Is the character Ventura we see in the film, fabricated between you and Ventura?

Yes. It's made by what I think about him and what he probably thinks about me also. So yes, it's probably something between me and them, me and him. I always say that the film is made around the difference that is in the middle of me and him. How should I explain it, it's very simple. Ventura says, when we are shooting everyday, when we were shooting for a year and a half, or two years, which is a long time, it is work. It's tough. It's sometimes difficult. We fight, or I try to do something and he can't, and he tries to do something, and I don't understand, like any working relationship. And he used to say something very simple, sometimes when he was a bit more angry. This is a film but do not for one second think that you can understand me, that you can know what I am, that you can even get inside of me. Just because you have a camera, doesn't mean you can! And this is very true. You can never understand, you can never be with the other. It could be a man and a man, or a man and a woman. You can never be that. You cannot have this fusion. So I think it's better to think that there is a space, that there is a difference, a distance between two human beings. And this is good. This is what creates possibilities. It's possible for us to live together because there is a space here. And this space thinks and works. It's the space that makes you think, that makes you work. So I think the film was made around that. He said, don't think your camera has a magical power, that you can capture all my sufferings, all my past years. Let?fs simply do the film. Let's keep on going. So that calmed me down a little bit. I like to work with people like this because they tell you things like this. An actor would never say this to you. An actor would never say, don't film me like that because you cannot understand me. The actor always says the opposite. I want to try more. I want to express more. I want to reveal more. I like to work with them because they don't reveal enough. They keep things inside. They keep secrets. They keep a mystery. I think that there is a mystery that will never be revealed and that's very good. That's the magic of it. To feel that something has escaped.
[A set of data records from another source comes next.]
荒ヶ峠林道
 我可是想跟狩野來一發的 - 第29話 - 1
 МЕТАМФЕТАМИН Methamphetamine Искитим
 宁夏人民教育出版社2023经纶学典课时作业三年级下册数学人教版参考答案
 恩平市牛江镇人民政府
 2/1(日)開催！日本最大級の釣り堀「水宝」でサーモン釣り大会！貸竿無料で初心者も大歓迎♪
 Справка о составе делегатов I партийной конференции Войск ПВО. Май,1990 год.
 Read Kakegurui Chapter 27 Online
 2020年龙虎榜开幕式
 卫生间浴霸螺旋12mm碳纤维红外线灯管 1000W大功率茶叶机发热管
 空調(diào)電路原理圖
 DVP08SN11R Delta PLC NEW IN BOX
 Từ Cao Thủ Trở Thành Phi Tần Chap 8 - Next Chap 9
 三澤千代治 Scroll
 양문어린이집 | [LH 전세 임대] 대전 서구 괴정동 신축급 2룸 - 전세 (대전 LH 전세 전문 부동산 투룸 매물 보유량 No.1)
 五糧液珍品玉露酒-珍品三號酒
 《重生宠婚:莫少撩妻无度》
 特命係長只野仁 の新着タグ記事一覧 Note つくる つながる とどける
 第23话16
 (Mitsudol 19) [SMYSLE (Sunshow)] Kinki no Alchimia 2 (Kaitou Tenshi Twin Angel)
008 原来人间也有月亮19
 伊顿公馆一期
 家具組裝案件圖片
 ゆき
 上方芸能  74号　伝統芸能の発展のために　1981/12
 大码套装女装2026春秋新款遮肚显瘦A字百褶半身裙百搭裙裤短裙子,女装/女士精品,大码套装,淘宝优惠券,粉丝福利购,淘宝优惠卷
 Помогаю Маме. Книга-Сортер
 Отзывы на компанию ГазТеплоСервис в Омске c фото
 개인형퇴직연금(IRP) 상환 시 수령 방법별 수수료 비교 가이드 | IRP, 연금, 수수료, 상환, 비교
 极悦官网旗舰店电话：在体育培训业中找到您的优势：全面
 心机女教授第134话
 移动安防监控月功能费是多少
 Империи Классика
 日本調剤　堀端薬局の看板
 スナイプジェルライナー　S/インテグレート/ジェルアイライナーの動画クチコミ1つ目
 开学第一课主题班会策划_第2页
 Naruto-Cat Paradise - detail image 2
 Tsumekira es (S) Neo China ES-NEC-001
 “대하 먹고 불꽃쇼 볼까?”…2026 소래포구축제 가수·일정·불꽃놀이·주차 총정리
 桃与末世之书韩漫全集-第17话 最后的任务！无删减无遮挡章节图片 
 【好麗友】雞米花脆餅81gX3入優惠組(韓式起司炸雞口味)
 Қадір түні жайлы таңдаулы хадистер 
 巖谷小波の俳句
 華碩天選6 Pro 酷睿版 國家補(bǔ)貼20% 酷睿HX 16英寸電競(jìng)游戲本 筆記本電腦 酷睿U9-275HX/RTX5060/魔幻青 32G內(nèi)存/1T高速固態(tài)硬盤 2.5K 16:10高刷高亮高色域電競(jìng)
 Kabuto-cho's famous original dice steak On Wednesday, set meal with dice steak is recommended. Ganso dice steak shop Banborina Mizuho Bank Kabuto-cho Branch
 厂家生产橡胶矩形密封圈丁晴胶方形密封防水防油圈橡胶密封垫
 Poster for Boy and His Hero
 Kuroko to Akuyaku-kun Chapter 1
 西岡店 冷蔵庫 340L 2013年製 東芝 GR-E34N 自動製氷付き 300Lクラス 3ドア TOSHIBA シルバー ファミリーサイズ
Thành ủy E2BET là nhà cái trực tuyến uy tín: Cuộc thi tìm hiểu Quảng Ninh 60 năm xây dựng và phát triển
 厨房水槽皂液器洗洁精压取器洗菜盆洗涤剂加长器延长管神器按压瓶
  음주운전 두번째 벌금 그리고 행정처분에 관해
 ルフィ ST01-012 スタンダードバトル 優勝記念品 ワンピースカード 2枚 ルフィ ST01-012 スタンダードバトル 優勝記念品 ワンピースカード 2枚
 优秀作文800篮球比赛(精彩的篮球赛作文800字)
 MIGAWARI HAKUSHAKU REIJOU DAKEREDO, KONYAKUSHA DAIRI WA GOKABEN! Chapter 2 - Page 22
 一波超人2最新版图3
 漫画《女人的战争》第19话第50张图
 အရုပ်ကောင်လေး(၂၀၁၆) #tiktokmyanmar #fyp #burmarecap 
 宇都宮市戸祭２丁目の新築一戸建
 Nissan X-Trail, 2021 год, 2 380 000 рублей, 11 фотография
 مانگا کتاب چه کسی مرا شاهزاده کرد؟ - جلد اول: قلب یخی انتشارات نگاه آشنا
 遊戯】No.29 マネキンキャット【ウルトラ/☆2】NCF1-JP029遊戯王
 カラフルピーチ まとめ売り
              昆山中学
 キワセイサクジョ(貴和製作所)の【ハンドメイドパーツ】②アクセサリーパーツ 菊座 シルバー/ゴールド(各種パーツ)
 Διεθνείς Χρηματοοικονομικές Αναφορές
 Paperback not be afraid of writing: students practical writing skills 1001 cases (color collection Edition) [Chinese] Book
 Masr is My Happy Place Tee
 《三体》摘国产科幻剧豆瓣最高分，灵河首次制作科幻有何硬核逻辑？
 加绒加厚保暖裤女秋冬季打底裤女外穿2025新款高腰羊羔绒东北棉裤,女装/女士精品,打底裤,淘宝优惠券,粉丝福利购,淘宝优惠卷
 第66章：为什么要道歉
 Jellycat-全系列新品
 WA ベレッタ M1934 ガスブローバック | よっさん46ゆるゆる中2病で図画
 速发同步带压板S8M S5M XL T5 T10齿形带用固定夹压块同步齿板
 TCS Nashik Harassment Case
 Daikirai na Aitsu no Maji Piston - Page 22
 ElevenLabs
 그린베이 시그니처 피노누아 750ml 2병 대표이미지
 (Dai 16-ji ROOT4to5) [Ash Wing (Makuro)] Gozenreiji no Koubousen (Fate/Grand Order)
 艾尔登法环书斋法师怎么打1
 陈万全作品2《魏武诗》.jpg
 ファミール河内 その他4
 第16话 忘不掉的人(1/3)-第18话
As a film director, do you try to go in further?

In this film, we got to places. There was a real collaboration between me and him, for instance, creating something. But creating in a very daily, simple thing. We start with an object. And I said, yes, you could be like that, and play with that, then it's this way of doing something, which is already strange. His movements are strange, his timing is strange. He's thinking about something when he does this and I say, then you should say something, and then he says it in a way I do not expect, so this is a good collaboration. Again, it escapes your direction. I like people that escape my direction. Because I don't think I have that much imagination. (laugh) I depend a lot on the imagination and the collaboration of the other person.